Ana Moreno Jefa de Nacional
OPINIÓN

El desengaño del día siguiente

El infernal chapapote lo impregnó todo. Arenales, zonas rocosas y cientos de kilómetros de costa se vieron afectados por el vertido del Prestige. En la imagen, varios voluntarios se afanan en limpiar la playa de Carnota, en noviembre de 2002.
El infernal chapapote lo impregnó todo.
Jorge París
El infernal chapapote lo impregnó todo. Arenales, zonas rocosas y cientos de kilómetros de costa se vieron afectados por el vertido del Prestige. En la imagen, varios voluntarios se afanan en limpiar la playa de Carnota, en noviembre de 2002.

"No os vengáis abajo cuando volvamos mañana y veáis la playa otra vez negra". Esta frase nos la dijo un militar en la isla de Ons, después de un agotador día recogiendo chapapote del Prestige. Habíamos llenado enormes cubos, en total varias toneladas, y estábamos exhaustos, pero satisfechos con la labor realizada. Mirábamos hacia la playa y sonreíamos: la habíamos dejado con el aspecto que debe tener una playa.

Así que a la observación que nos hizo ese uniformado, aunque se me quedó grabada, no le hicimos mucho caso. Más bien respondimos a ella con alguna risilla nerviosa, pensando que ese señor vestido con un uniforme al que no estábamos acostumbrados el grupo de niñatos de veintipocos años que éramos -aún no existía la UME y los militares no solían ayudar en incendios o nevadas- era un exagerado.

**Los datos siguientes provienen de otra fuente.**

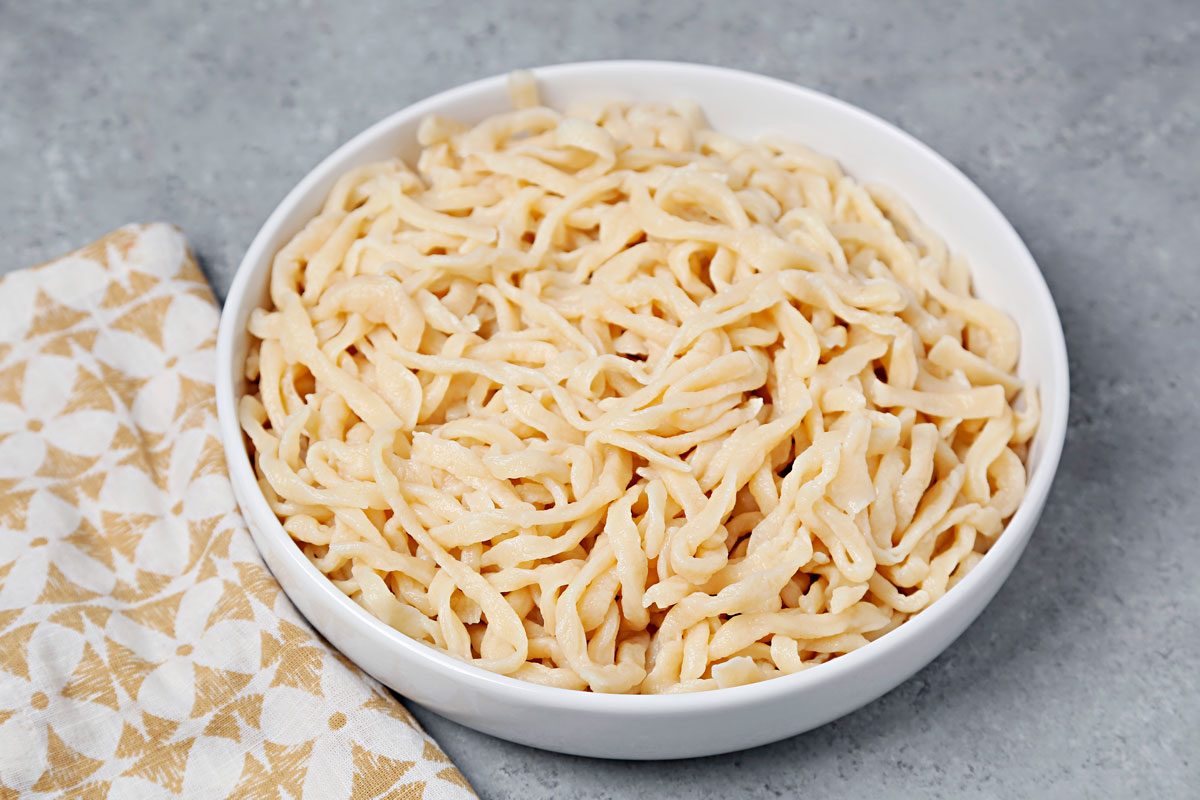 Boiled udon noodles in a large white serving bowl; 3/4th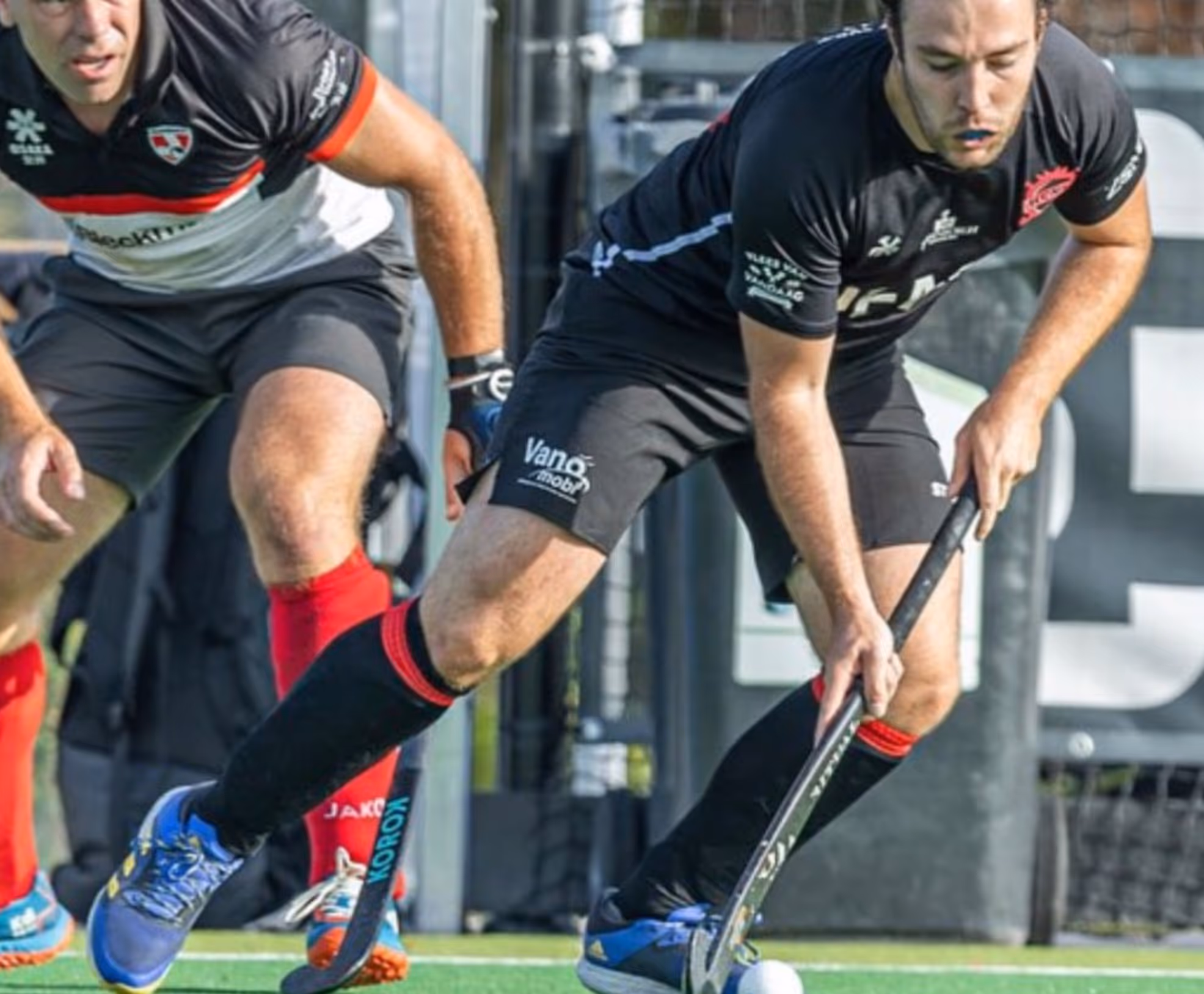 Twee hockeyers, gekleed in zwarte en rode uniformen, zijn in actie op het veld. De ene is gefocust op het controleren van de bal met zijn stick.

La imagen al día siguiente no pudo ser más desoladora. La playa, la misma que habíamos dejado un día antes limpia de petróleo, de esos "hilitos de plastilina", como los había definido un ministro de entonces apellidado Rajoy, era otra vez de color negro. Apenas se veían la arena y las rocas, cubiertas de petróleo como si 24 horas antes no hubiesen pasado por allí las decenas de voluntarios que habíamos estado limpiando. Y eso que, según decían por allí, lo peor estaba más arriba, en Costa da Morte.

El mismo militar, que llevaba allí limpiando chapapote casi un mes, volvió a recibirnos y darnos el equipamiento para volver a ponernos manos a la obra. No nos dijo nada. Seguramente ni se acordaba de nuestra cara; la isla estaba llena de veinteañeros y, una vez puesto el traje protector, las gafas y la mascarilla, todos éramos iguales a sus ojos. Nosotros tampoco hicimos ningún comentario.

Durante la noche, la marea subía, arrastrando con ella las toneladas y toneladas de crudo que había soltado el barco antes y después de hundirse. "¿Pero cuánto petróleo puede guardar un buque?", nos preguntábamos sin parar. Decían que el Prestige llevaba 77.000 toneladas. Para los gallegos, como si hubiesen sido 700 ó 77 millones. El horror duró años.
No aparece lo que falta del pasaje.